CONCORD, N.H. – The New Hampshire Department of Justice will open an investigation examining complaints of illegal automated telephone calls that allegedly took place within days of the mid-term elections.
New Hampshire Assistant Attorney General Jim Kennedy said his office is almost finished with initial queries into whether the National Republican Congressional Committee had placed calls to phone numbers on the federal Do Not Call Registry and that a formal investigation will begin soon.
In addition to the NRCC, Kennedy said his office was also reviewing complaints that the US Chamber of Commerce and the New Hampshire Democratic Party did the same thing.
For the most part, the automated calls targeted voters in the highly competitive Second Congressional District, in the state's western half. In that race, Democrat Paul Hodes defeated six-term Republican incumbent Charlie Bass.
At issue is a conflict of state and federal law. The federal law creating the Do Not Call Registry specifically allows political campaigns and advocacy groups to call numbers on the registry in deference to free speech concerns. The New Hampshire law does not, and those who break it face a fine of up to $5,000 per phone call.

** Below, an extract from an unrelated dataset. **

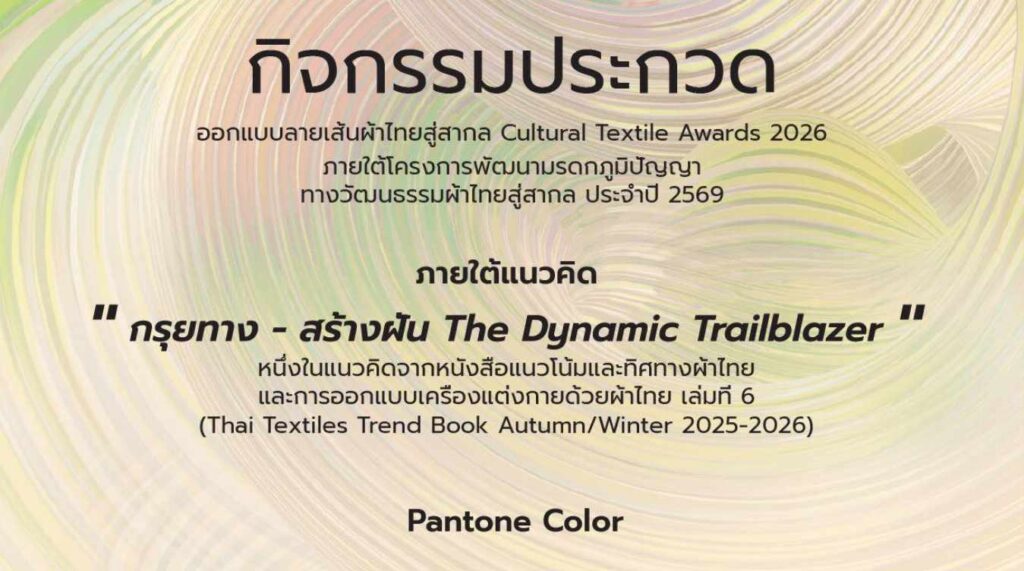 Cultural Textile Awards 2026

When complaints from those on the Do Not Call Registry first appeared, an NRCC spokesman said the state law did not apply to his national organization. After a conversation with the state Attorney General's office, NRCC staffers stopped making phone calls two days before the election.
The investigation is expected to take several weeks, possibly into 2007. When the investigation is completed, Kennedy said his office will decide whether charges should be pursued.
The controversy about the phone calls received significant news coverage in the final weekend of the campaign.